Um espetáculo de homem - reflexão sobre a peça Luis Antônio - Gabriela da Cia. Mungunzá de Teatro

Quando se assiste um espetáculo considerado arrebatador, o encontro do público com a obra precisa acontecer sob a sombra da inocência. Ir para o teatro embuído da opinião de críticos e amigos pode se revelar uma armadilha para a compreensão do conteúdo artístico que o espetáculo deseja transmitir.

Luis Antônio - Gabriela antes de ganhar o status de uma peça excelente - não que esse escritor deseje assim conceituá-la sem antes considerar que características são essas que a elevaram a tal patamar, isso seria de uma precipitação indelicada - a peça deve ser encarada como um trabalho extremamente particular, longe de um possível enquadramento dramático, sob pena de incorrer em alguns riscos.

O primeiro grande perigo é assistir o espetáculo esperando que a obra alce uma defesa pictórica sobre a homossexualidade. O trabalho que o próprio diretor chamou de documentário cênico é um esforço que não se envolve conscenciosamente com uma luta de classe. Ela perfaz um discurso dentro do universo da família e se propõe a narrar uma história que traz um homem e sua vida como elemento nefrálgico da trama.

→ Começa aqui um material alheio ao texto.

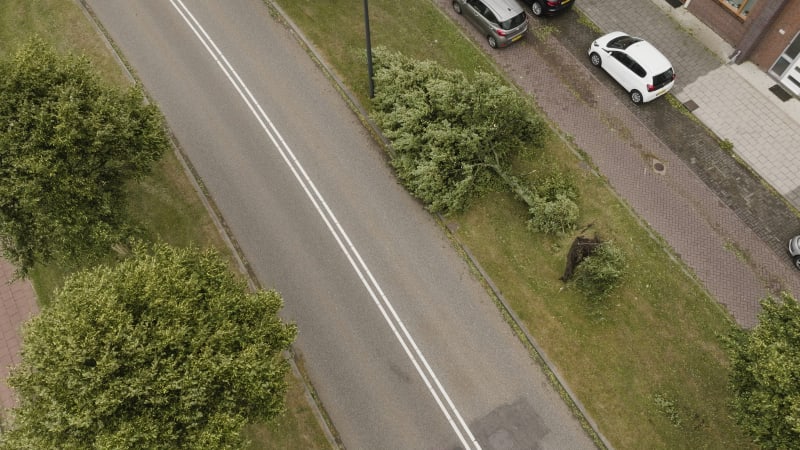 Aerial view of a fallen tree post-storm Poly in Heemskerk, Netherlands. July 2023.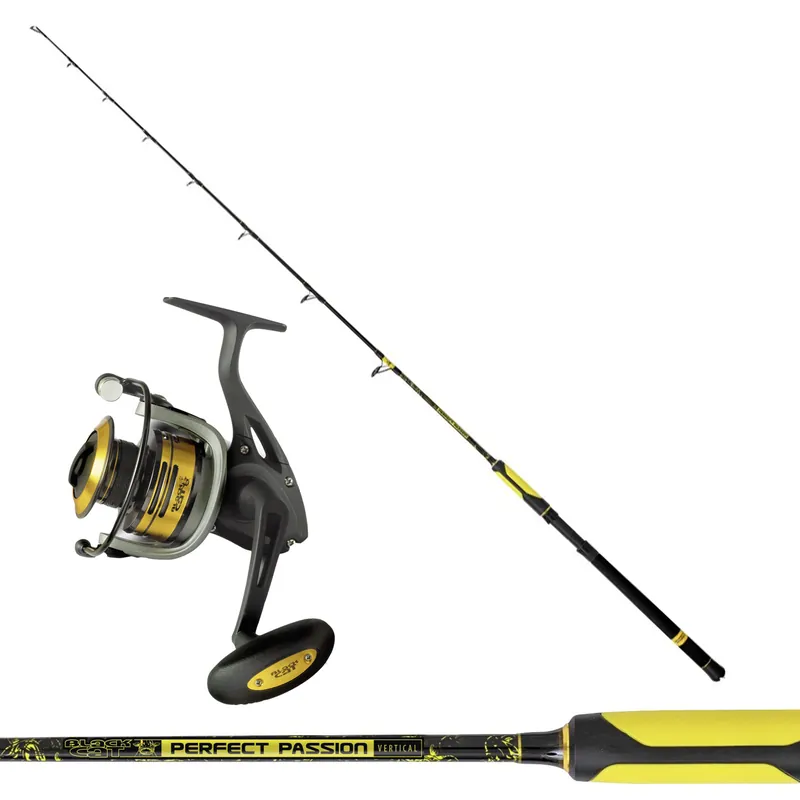 Ensemble Vertical Perfect Passion 1,80m 230gr + Passion Pro 640 FD Black Cat Prix Cassé
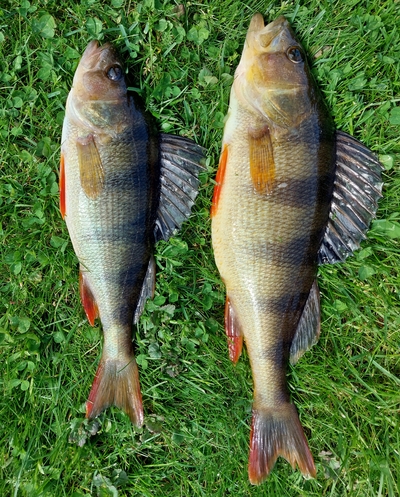 Eurasian perch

Engana-se, no entanto, quem considera que a peça não pretende, mesmo que secundariamente, relacionar-se com as modernas discussões a respeito das diferenças humanas. E, nessa sutileza, consegue alcançar uma aproximação com o público inteiro, causando uma relação identitária com o humano muito mais do que com um único grupo.

Deve-se também entender que a peça caminhou livre pelo terreno brechtiano e suas influências são muito visíveis, ainda que, ela não se realize tomando suas teorias como única referência. Há uma poderosa liberdade criadora nutrida pelos artistas de forma que esse não é um espetáculo da palavra, mas do ato onde o sentido se gera.

Preciso dizer que o estranhamento sentido com os recursos épicos controlam pouco a emoção do público. Talvez até pelo motivo de ele ter sido menos empreendido da metade do espetáculo para frente. A verdade, contudo, é que a sensibilidade do tema é profunda e receio que, caso o grupo não tivesse optado por causar certos afastamentos com o público ao longo da apresentação, os efeitos da comoção poderiam se revelar nocivos para se atingir os objetivos catárticos do diretor.

No final do espetáculo, a plateia se divide entre os agudos prantos, os comovidos, porém, contidos e algum outro grupo que infelizmente ainda não soube categorizar - sobretudo porque faço parte dele. O que entendo é que fui assistir à peça esperando que minha alma se enlevasse numa profusão de sentires e que me arrebatasse num choro respeitoso por Luis Antônio. Mas a história me acessou em outro lugar, um lugar onde o respeito me trouxe uma postura incólume. Nunca foi frieza! Foi vontade de pensar e pensar sobre o que somos nessa esteira veloz do tempo.

Isso posto, digo que Luis Antônio - Gabriela ganha o status de obra-prima, porque rompe a fronteira da sapiência artística e da inovação estética para compor uma arte que lhe contrange a ser ainda mais humano. Uma arte assim, deve ser aplaudida.